REQUIREMENT —
A partial copy is required: transcribe exactly the lines from the one containing "Residence Rose Сан-Кандидо Экстерьер фото" through the last line below, without any pictures.

[Items from a data source]
——

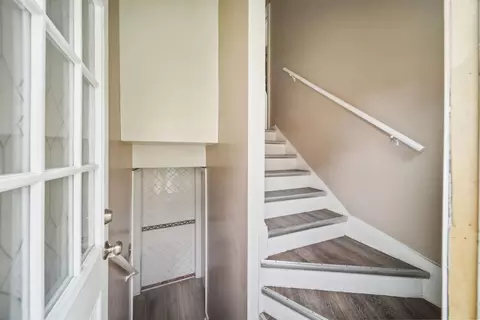 Entry Way - 7235 Park Ave, Summit, IL 60501 photo 1 of 2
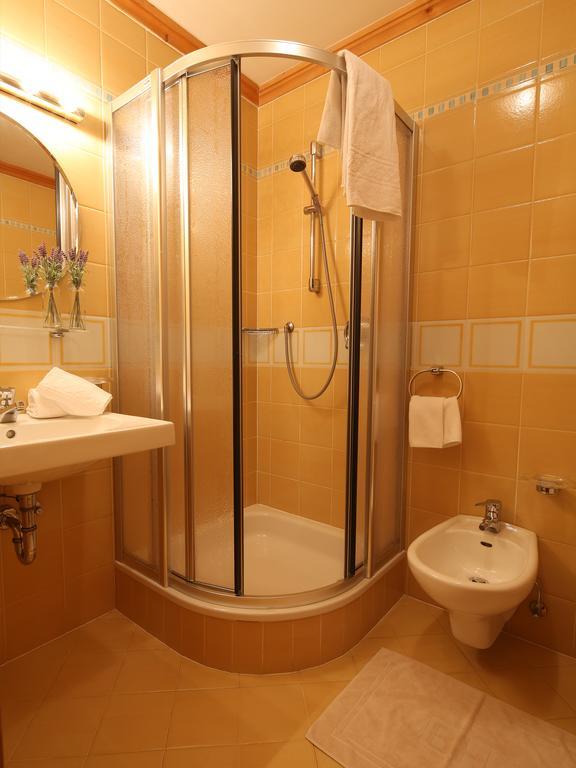 Residence Rose Сан-Кандидо Экстерьер фото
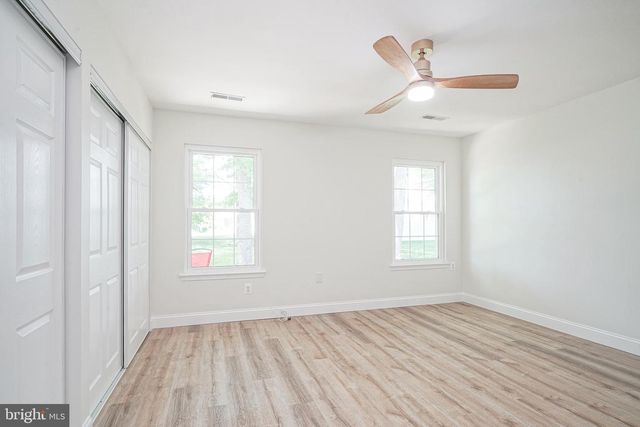 27 LAKEBRIDGE DR, Deptford, NJ 08096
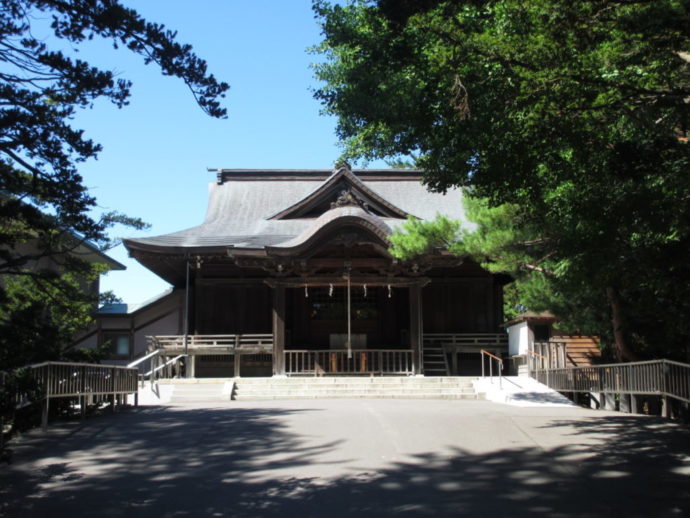 函館市にある亀田八幡宮の外観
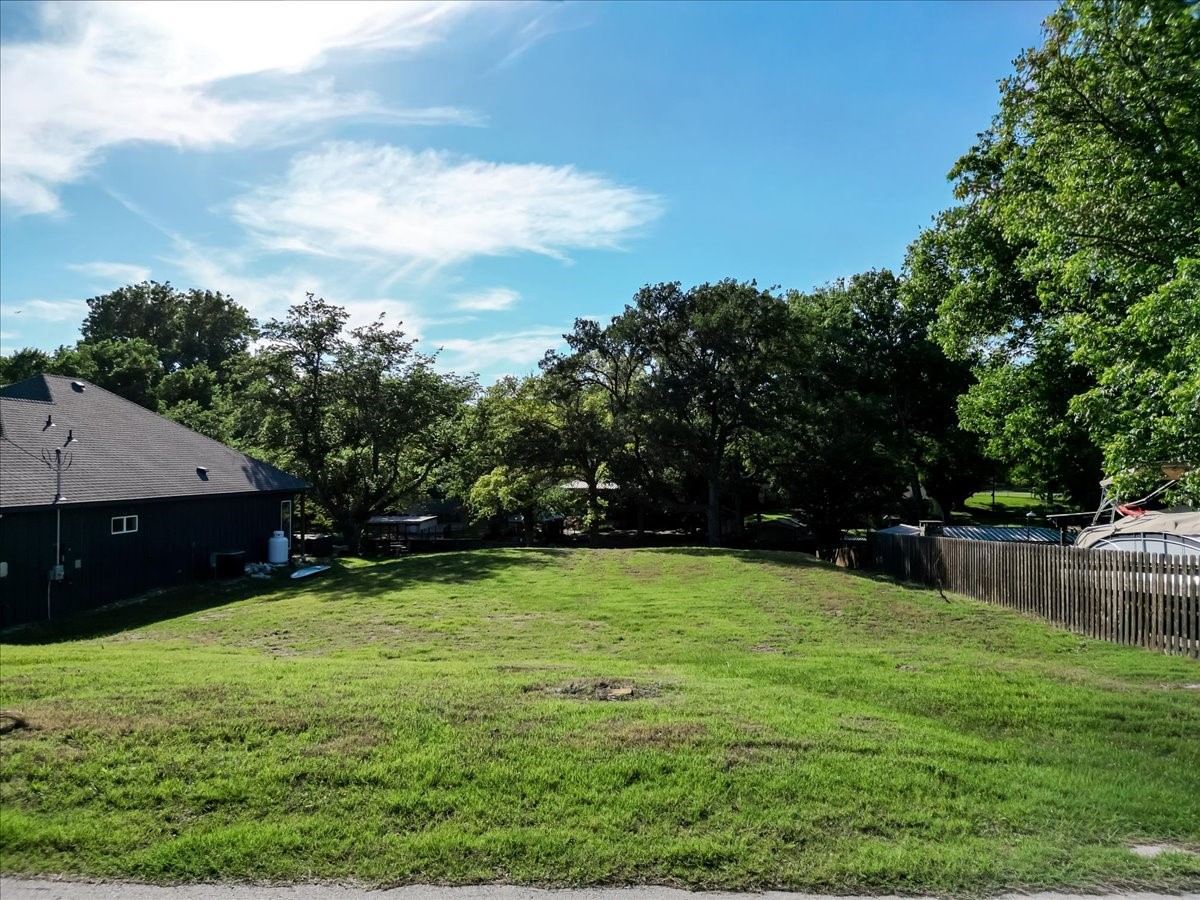 1115 E Lake Drive Weatherford TX 76087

——

ANSWER BOX —
 Residence Rose Сан-Кандидо Экстерьер фото
 27 LAKEBRIDGE DR, Deptford, NJ 08096
 函館市にある亀田八幡宮の外観
 1115 E Lake Drive Weatherford TX 76087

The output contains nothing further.